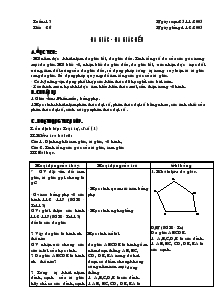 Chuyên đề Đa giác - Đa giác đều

==

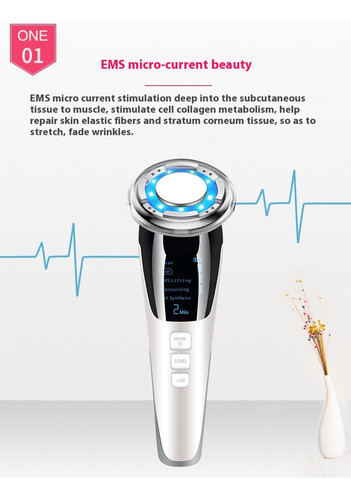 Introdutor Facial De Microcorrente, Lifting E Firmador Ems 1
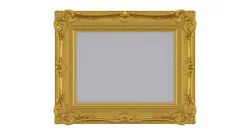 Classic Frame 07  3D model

**Task instructions:** Output only the lines above from the line that holds "Introdutor Facial De" through the line that holds "Classic Frame 07", both ends included, and exclude pictures.

**Reply to the task:**
 Introdutor Facial De Microcorrente, Lifting E Firmador Ems 1
 Classic Frame 07  3D model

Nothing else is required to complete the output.